When playing through the best game in the world, Pokémon Mystery Dungeon: Explorers of Sky, I realized that I had found a hole in the plot.

In the main storyline:

At the end of the main story, before the credits roll, you and your partner do battle with Primal Dialga and defeat him, then use the Time Gears to restore Dialga and time itself to its natural state. However your player, being from the future, starts to disappear as the future begins to right itself again. You finally disappear and your partner is devastated. However Dialga, now that his mind is stable, realizes how much the world owes you and brings you back.


Primal Dialga
Primal Dialga


In the Special Episode In the Future of Darkness:

While you and your partner are fighting Dialga in the past, in the future Grovyle, Dusknoir and Celebi are duelling with an even for ferocious Primal Dialga. They defeat him before he can damage the time stream, allowing you to put the Time Gears in place and save the world. The future begins to change, and the frozen planet begins to move. While your character is feeling the effects of time and begins to disappear, at the same time Grovyle, Dusknoir, Celebi, the Sableye, and the rest of the future Pokémon are also disappearing. First goes Dialga, then Dusknoir, then Celebi. It is only Grovyle left, and then he, as well, vanishes.
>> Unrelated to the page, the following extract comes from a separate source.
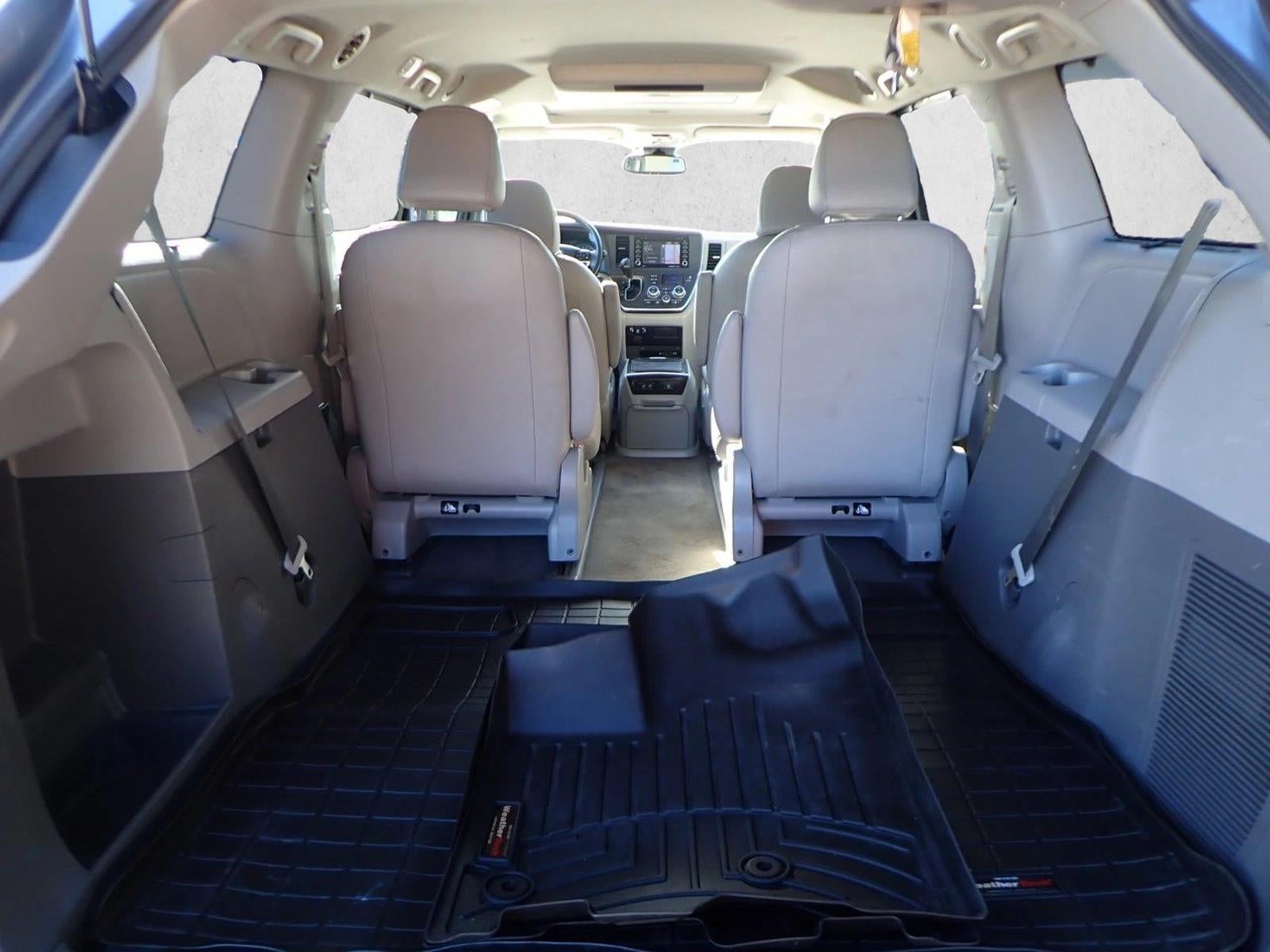 2018 Toyota Sienna XLE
But soon after Grovyle disappears, everyone returns. Dusknoir, Celebi, Grovyle, Dialga, the Snorunt, Spiritomb… they're all living. Grovyle tells Dialga (who is now back to normal) that he is eternally grateful to him for saving their lives. Dialga then tells him that it was not his doing that saved them, for he is not powerful enough. He then reveals that it was the work of a "higher being". That being is Arceus.


Now, my question is this: How can Dialga have the power to save Pokémon from disappearing, yet not have that power at the same time?
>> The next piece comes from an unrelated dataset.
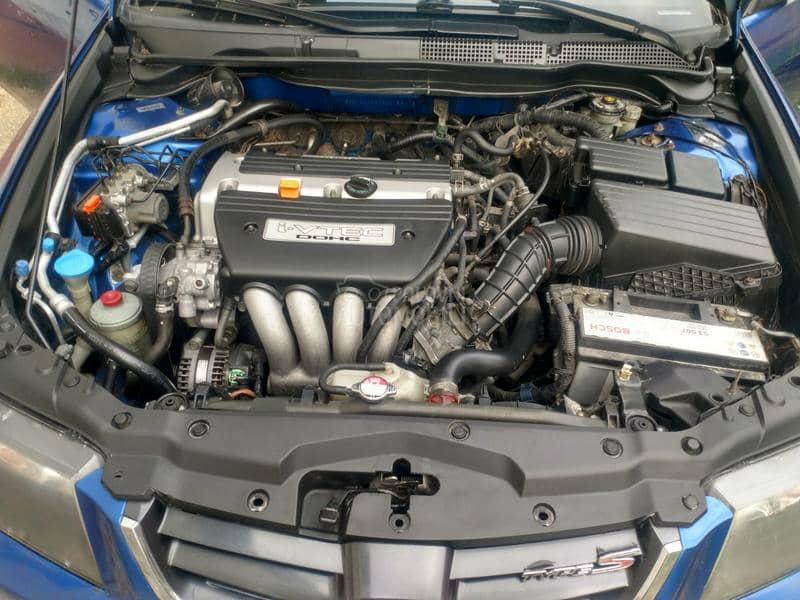 Honda Accord CL7 2.0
In the story Dialga brings back the main character.

In In the Future of Darkness, Dialga says that he does not have the power to save Pokémon from disappearing.

This is a major contradiction. Is it simply that Dialga cannot save multiple Pokémon? Is it really Arceus' doing that saves you in the main storyline? I need to know!

by
edited by
This is not going to be an answer FOR NOW because I have not yet played through the game yet but I do have a theory.
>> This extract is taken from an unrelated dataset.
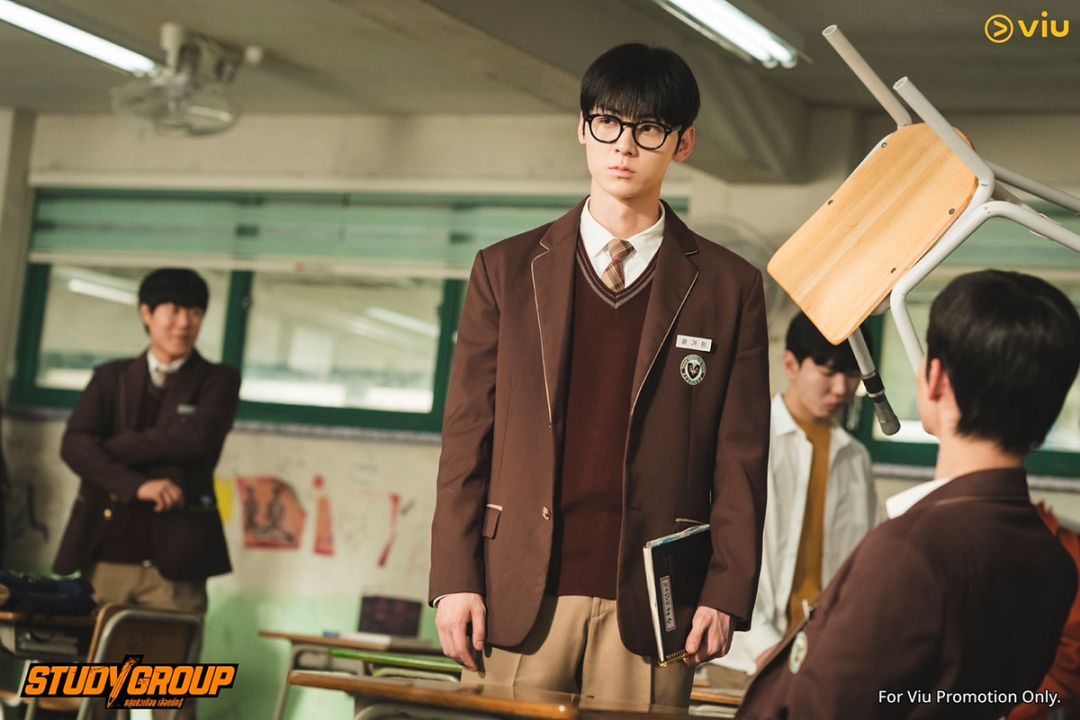 ‘ฮวังมินฮยอน’สลัดคราบหนุ่มเนิร์ด สวมวิญญาณเลือดนักสู้ ติว-เตะ-ต่อย ปล่อยหมัดเด็ด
The special episode (a future of darkness) may be in a different universe than the main plot, a universe where Dialga for some reason did not get the power to save the Pokemon and instead Arceus had to save them instead.
Sorry Sept, but that theory is debunked by both the main story and the Special Episode story. Grovyle states multiple times that the events of In a Future of Darkness coincide directly with the events of the main story. The two Dialga fights are occurring at the same time. Parallel times, not universes.
Oh...
Ask my sister, she played through the entire game (But I own it... idk)
We know that one dialga is different from the main plot, but both dialgas might be different…
What  ShadowOfChris said seems completely possible:
"Maybe the dialga in the past is more powerful then the future dialga because of the fact that Arceus may be sleeping or dormant in the past and in the future Arceus is awoken by the state the world is in and the fact that if dialga disappears time will not be back to normal completely"

As we know, this was the same case for Kyogre and Groudon, they were more powerful in the past.

2 Answers

0 votes

Maybe the dialga in the past is more powerful then the future dialga because of the fact that Arceus may be sleeping or dormant in the past and in the future Arceus is awoken by the state the world is in and the fact that if dialga disappears time will not be back to normal completely

by
0 votes

Perhaps he's unable to alter time to a degree that would allow him to resurrect multiple Pokemon?

Or perhaps it's the notion that he isn't able to save pokemon specifically, alluding to the player not being a "real" Pokemon. As the games regularly acknowledge that you're not a Pokemon but a human in Pokemon form, and perhaps that has its own special rules or messes with the timeline enough that it's easier to just shoehorn you back in.